A trio of hunters, scouting the Turkish–Armenian border are suddenly attacked by a pterodactyl. While defending themselves, they become outmatched and are all killed.

Michael (Cameron Daddo), and Kate (Amy Sloan), are leading a group of teenagers for camping and through a science expedition. The students are Gwen, Jason, Willis (Steve Braun), and Angie (Mircea Monroe). They stop at a Turkish forest and begin exploring, eventually discovering a dead pterodactyl and mounds of pterodactyl feces. While the others examine the spore, Angie wanders off and decides to go for a swim. When she jumps into the water, a pterodactyl appears and attacks her. She struggles to escape, and runs into Jason, who was searching for Angie. In the confusion, he moves to the lake to investigate. Upon reaching the lake, the pterodactyl drags him away. Angie tells the others that she was attacked by something that looked like a bird, but Michael dismisses the idea.
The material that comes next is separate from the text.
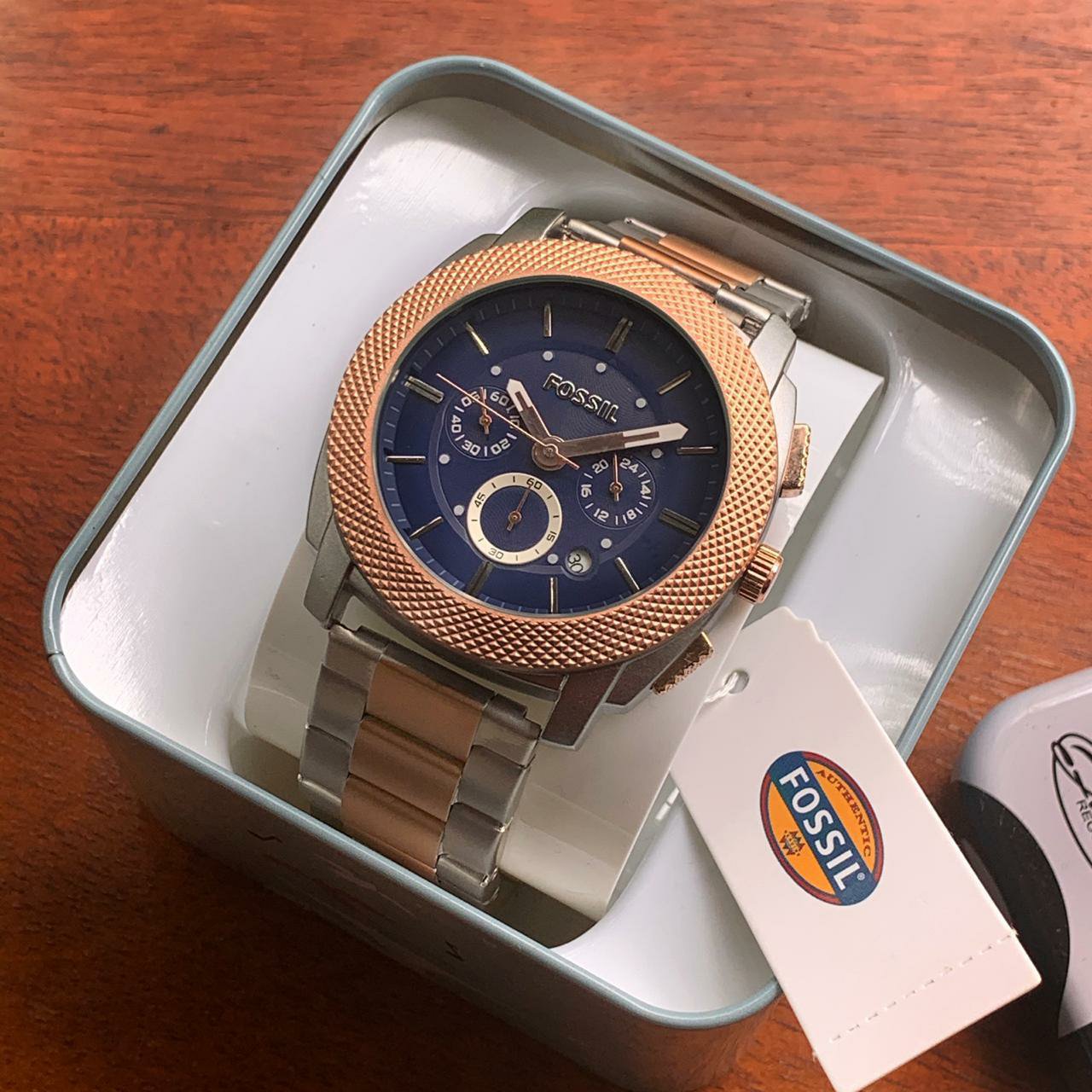 Fossil FS5037 Chronograph Blue Dial Two-tone Metal Belt Men's Watch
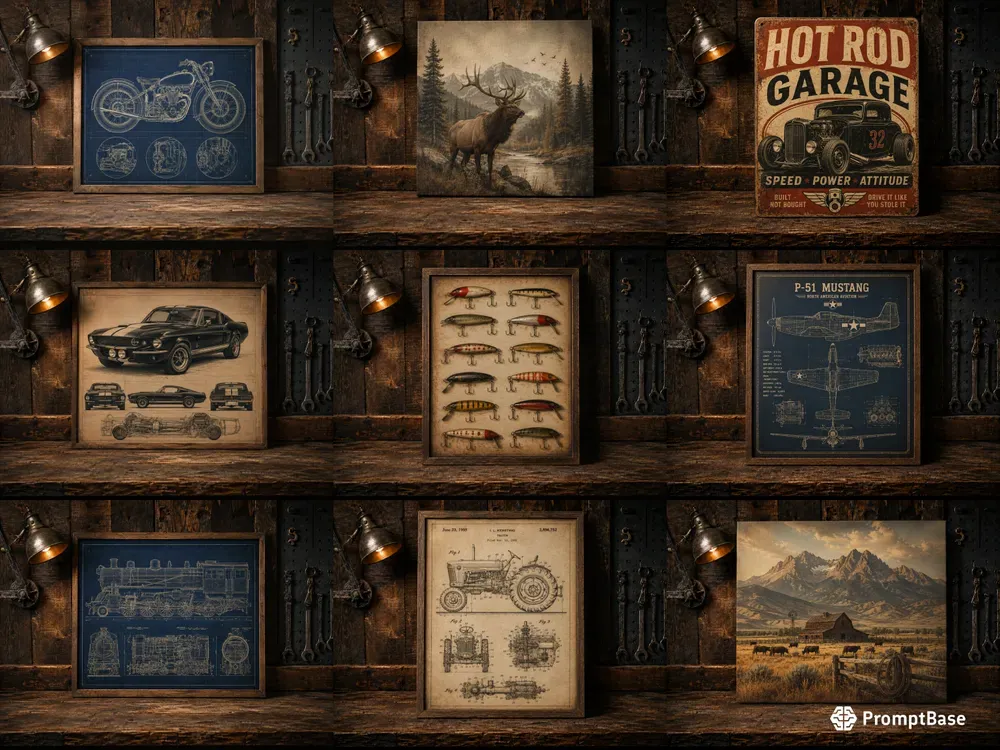 Vintage Garage Product Mockup Templates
Michael and Willis desperately go searching for Jason, but unnoticed by them, he has been killed.

That night, Captain Bergen (Coolio) and his squad sneak into the Russian camp and captures the terrorist Clarke, (Todd Kramer). Captain Bergen find Michael and his group camping, so they decide to follow them.

The next morning, while preparing to leave, Michael's jeep is ambushed by a group of Russian terrorists. When the pterodactyls attack, the group flees with Captain Bergen and his squad rescuing them. In the struggle, Gwen is killed by a pterodactyl while escaping. Michael questions their presence; Bergen says that he and his squad members have been assigned to capture a Russian terrorist by hand. While the group continue on foot, Angie shows her feelings to Willis, for his bravery.

A second wave of pterodactyls suddenly appear. During the attack, Angie is wounded and succumbs to her injury. Several soldiers are also killed, and Kate is snatched in the process. After the attack, Captain Bergen and the group continue, to find a shelter. Flocks of pterodactyls start raiding the shelter, bringing it down to pieces. The group, arms and defends themselves from the invaders. With the group gaining the upper hand, the remaining invading pterodactyls retreats. Willis and one of Bergen's remaining soldiers Zelasny are injured. They are told to remain at the shelter, while the rest journey to the nest to rescue Kate.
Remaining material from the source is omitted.